AIM OF THE TASK: Everything in the data should be repeated exactly, save for the images.

[[ SUPPLIED DATA, beginning ]]

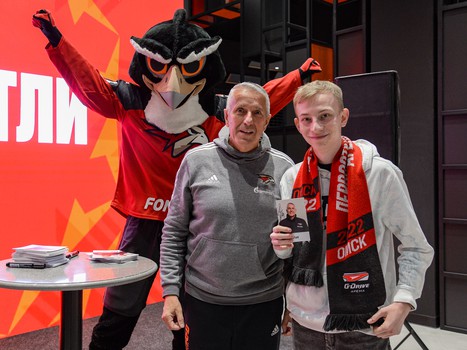 «Авангард» - «Сибирь» 4:1. Вокруг матча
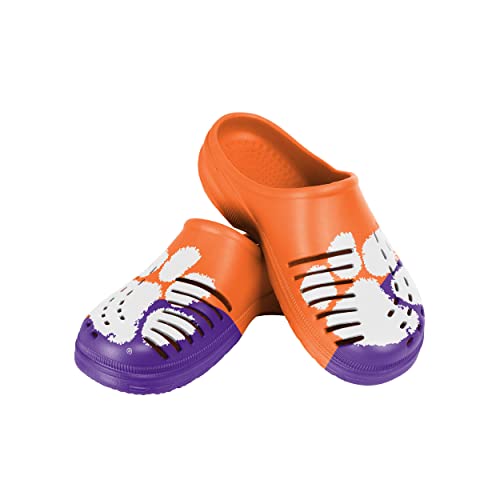 Image of FOCO Men's NFL Team Logo Garden Water Sandals Shoes Slipper Clogs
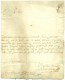 Belgique - Précurseur De Brussel Vers Uccle Du 02/09/1715, Vieux Flamant, Superbe, See Scan - 1714-1794 (Oostenrijkse Nederlanden)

[[ SUPPLIED DATA, end ]]

SOLUTION FOR THIS PROBLEM:
 «Авангард» - «Сибирь» 4:1. Вокруг матча
 Image of FOCO Men's NFL Team Logo Garden Water Sandals Shoes Slipper Clogs
 Belgique - Précurseur De Brussel Vers Uccle Du 02/09/1715, Vieux Flamant, Superbe, See Scan - 1714-1794 (Oostenrijkse Nederlanden)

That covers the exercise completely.